■ **Task statement**:
Reproduce everything from the line that contains "Aleister Crowley Curtain" down to the line that contains "Actual product image" in the listing below, word for word and nothing more. Leave the pictures out.

-------- Provided material --------

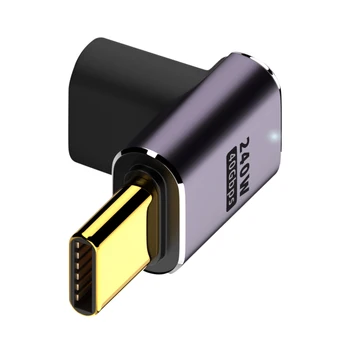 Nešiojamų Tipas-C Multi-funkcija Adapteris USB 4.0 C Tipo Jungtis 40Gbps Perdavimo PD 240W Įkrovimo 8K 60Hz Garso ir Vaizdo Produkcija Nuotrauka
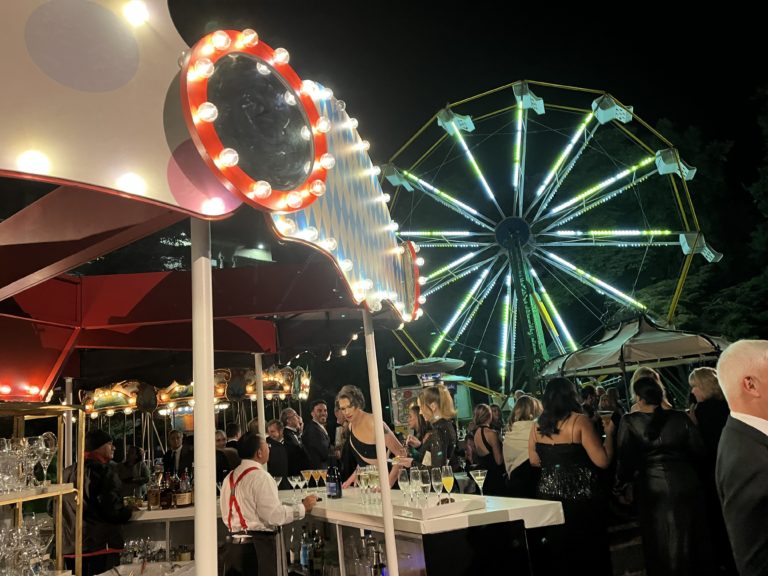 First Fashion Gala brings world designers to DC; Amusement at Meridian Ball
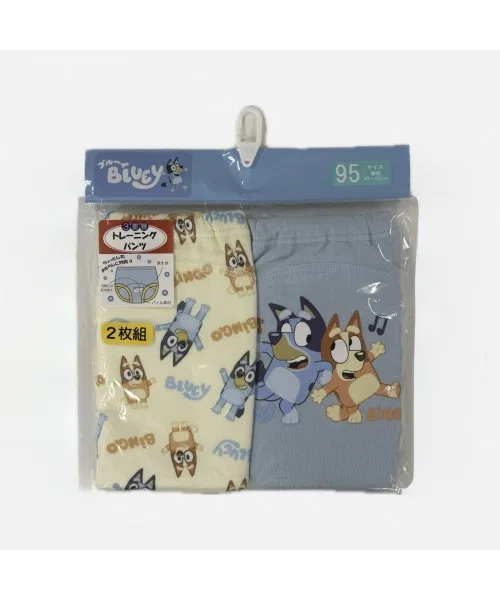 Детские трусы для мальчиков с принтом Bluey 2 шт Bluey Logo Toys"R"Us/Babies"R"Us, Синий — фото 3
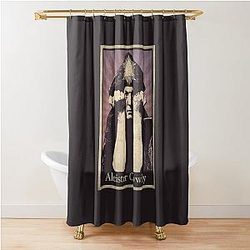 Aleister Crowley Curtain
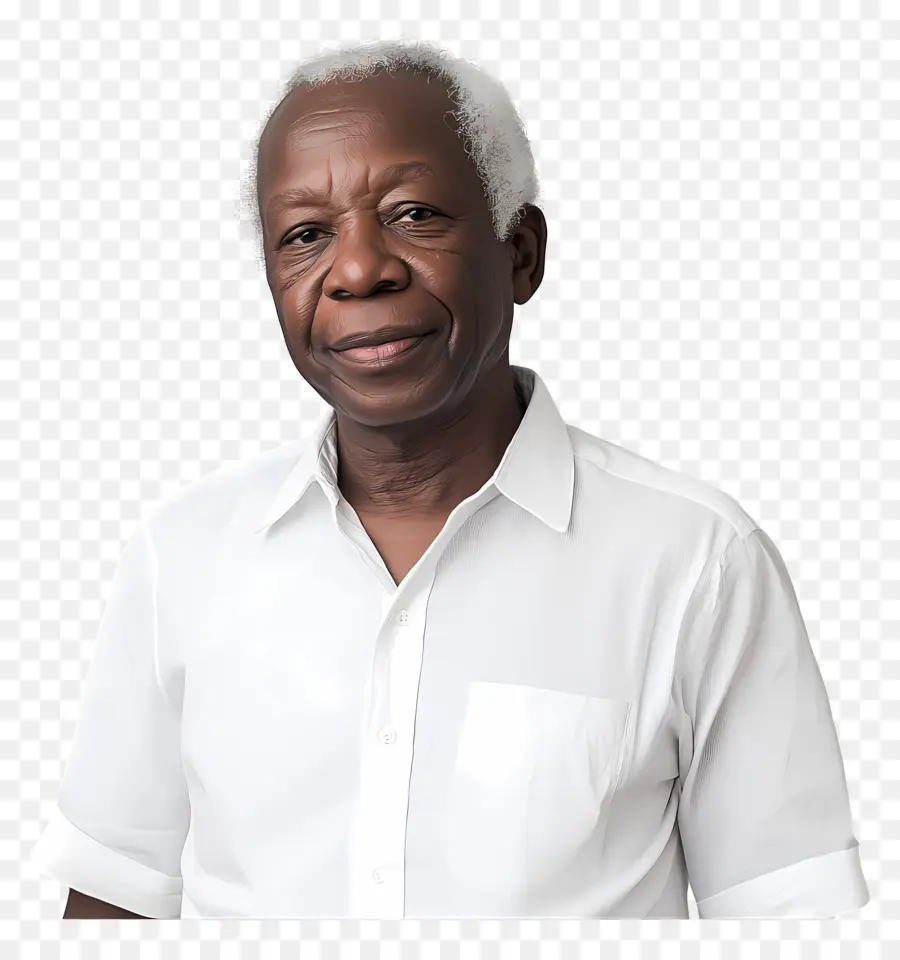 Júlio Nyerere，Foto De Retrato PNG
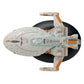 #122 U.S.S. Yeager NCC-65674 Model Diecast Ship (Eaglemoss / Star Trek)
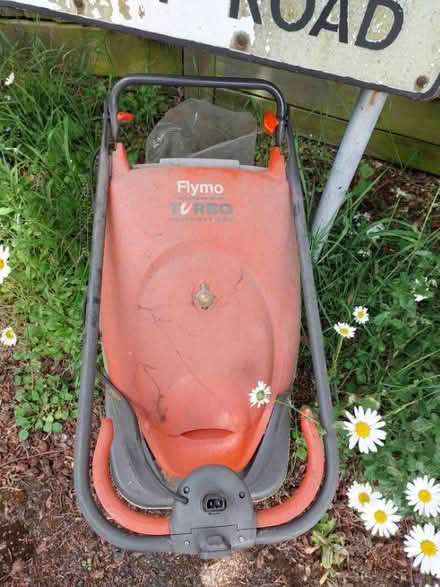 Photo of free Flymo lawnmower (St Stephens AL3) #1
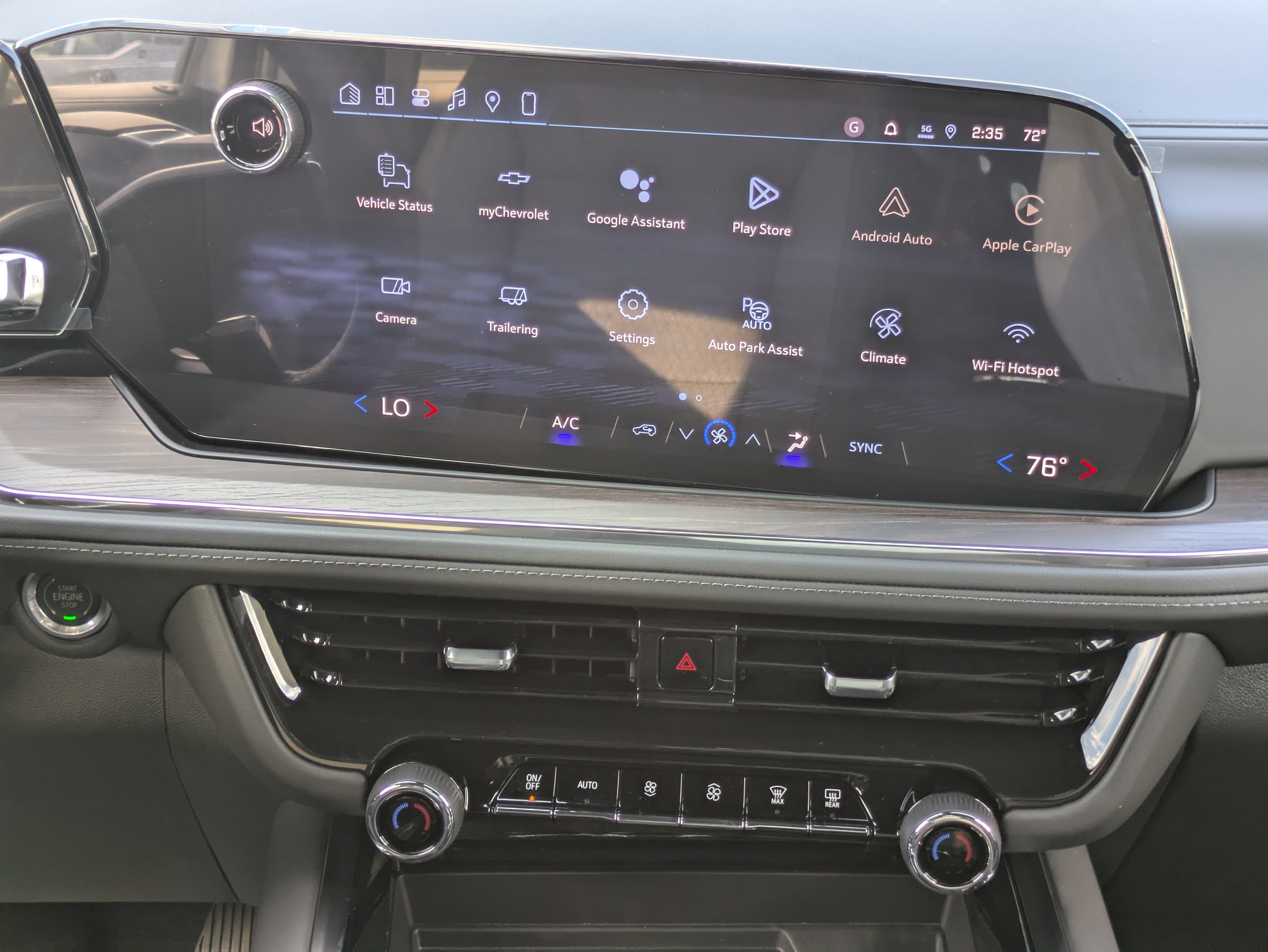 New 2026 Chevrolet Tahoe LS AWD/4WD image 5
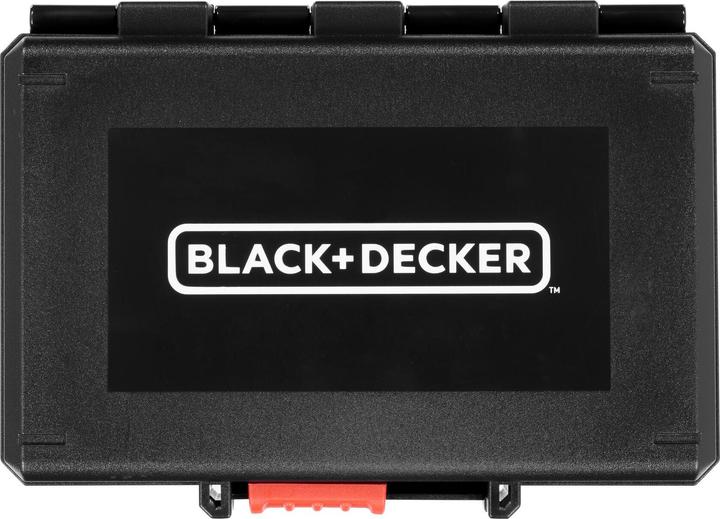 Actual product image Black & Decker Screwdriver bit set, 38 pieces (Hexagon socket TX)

--------
-------- Provided material --------

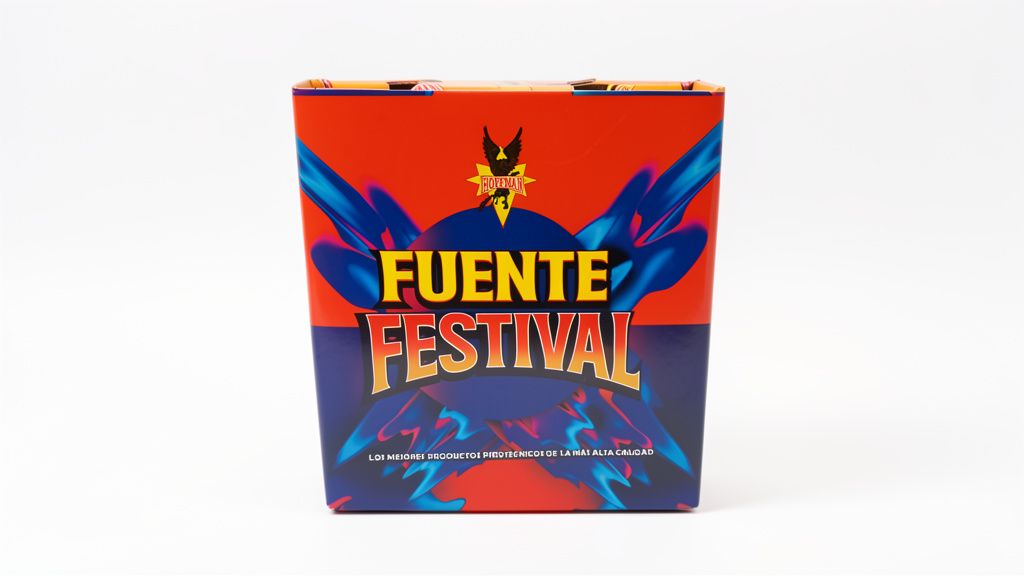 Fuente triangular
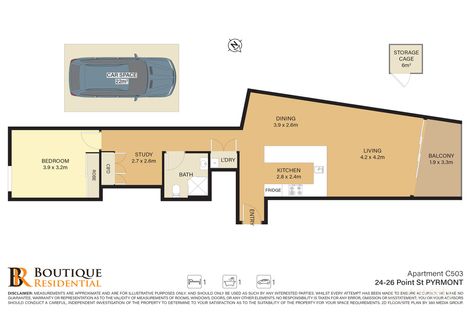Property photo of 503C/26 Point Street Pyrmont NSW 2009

--------

■ **Task answer**:
 Aleister Crowley Curtain
 Júlio Nyerere，Foto De Retrato PNG
 #122 U.S.S. Yeager NCC-65674 Model Diecast Ship (Eaglemoss / Star Trek)
 Photo of free Flymo lawnmower (St Stephens AL3) #1
 New 2026 Chevrolet Tahoe LS AWD/4WD image 5
 Actual product image Black & Decker Screwdriver bit set, 38 pieces (Hexagon socket TX)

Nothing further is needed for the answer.